I now realize as never before why it is that our busiest men of affairs, and scholars of renown, are actuated to serve so assiduously in this labor of love; for surely no amount of effort, however laborious, can be regarded as having been in any sense misguided or wasted when it elicits such approbation as expressed in the following letter from Charles A. Decker, Esq., a fellow member, of New York City:—
March 15th, 1904.
Mr. H. H. Harper, Treasurer,
The Bibliophile Society,
Colonial Building, Boston, Mass.
Dear Mr. Harper:—
My stock of superlatives is insufficient to adequately express my appreciation of "André's Journal." Keats must have had a psychic sense which enabled him to see the latest issue by our Society, and he had this in view when he wrote the opening line of Endymion. (Is n't "A thing of beauty," &c., the opening line?) Such books as the Council has planned are an education to bibliophiles; the work is progressive, for each issue is finer than the one which preceded it. Can any book be finer than "André's Journal"? If so, I can't conceive it. Such noble types, the pages so perfectly balanced; the margins so broad; the paper of such beautiful texture; the ink so brilliantly black; the maps so marvelously reproduced; the etchings so artistically conceived and executed and the title page so beautifully engraved; then the binding—real vellum—so rich, simple, and in such perfect taste; even the box-cover is fitting in every sense. A perfect book, it seems to me. If there are any shortcomings, and you know them, don't tell me of them, that in my ignorance I may be content.

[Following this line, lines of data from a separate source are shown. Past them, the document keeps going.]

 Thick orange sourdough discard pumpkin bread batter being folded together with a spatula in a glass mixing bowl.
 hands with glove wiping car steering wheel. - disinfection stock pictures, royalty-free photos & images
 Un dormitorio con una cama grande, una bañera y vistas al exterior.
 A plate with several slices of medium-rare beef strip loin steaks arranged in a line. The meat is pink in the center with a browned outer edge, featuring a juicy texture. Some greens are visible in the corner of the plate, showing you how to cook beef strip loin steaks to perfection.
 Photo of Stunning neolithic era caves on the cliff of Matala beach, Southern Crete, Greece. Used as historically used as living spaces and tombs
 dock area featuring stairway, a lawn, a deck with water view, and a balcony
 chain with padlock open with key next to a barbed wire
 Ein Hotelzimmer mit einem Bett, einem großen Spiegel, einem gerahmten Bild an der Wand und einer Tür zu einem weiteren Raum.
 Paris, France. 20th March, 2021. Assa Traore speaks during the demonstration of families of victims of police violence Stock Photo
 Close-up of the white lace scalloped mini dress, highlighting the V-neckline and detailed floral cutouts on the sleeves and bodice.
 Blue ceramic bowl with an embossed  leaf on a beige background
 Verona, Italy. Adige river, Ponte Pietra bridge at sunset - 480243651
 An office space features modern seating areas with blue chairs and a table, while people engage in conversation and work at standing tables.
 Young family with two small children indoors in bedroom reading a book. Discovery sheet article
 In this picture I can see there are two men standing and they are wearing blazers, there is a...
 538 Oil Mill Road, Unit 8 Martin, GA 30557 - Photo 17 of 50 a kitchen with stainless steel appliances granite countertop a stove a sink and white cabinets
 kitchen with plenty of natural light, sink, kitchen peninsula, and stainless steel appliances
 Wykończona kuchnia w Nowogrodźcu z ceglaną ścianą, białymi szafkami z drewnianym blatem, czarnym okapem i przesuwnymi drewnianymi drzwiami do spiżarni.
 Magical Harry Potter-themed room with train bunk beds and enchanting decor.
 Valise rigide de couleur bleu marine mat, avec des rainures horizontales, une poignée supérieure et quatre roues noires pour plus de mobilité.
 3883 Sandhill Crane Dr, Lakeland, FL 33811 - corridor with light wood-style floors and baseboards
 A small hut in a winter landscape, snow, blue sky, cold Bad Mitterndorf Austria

Please thank all the members of the Council for me. Somebody must have spent many, many hours in arriving at a final judgment upon all the parts which make up such a beautiful whole.
I have yet to enjoy the pleasure of reading the "Journal," then I will be thankful to Mr. Bixby and to Senator Lodge.
Yours sincerely,
(Signed) Charles A. Decker.
Mr. Decker is one of the many pleasant and appreciative members of The Bibliophile Society whose personal acquaintance it has not been my good fortune to make, but from whom the Society has received many delightful and inspiring letters. The numerous communications thus received from all quarters have been placed before the Council, with the result that the individual interest of every worker has been greatly augmented in the Society's welfare. Indeed, I attribute no small measure of the success and the good name of the Society to the indirect influence of such words of encouragement and expressions of appreciation as have come from the members.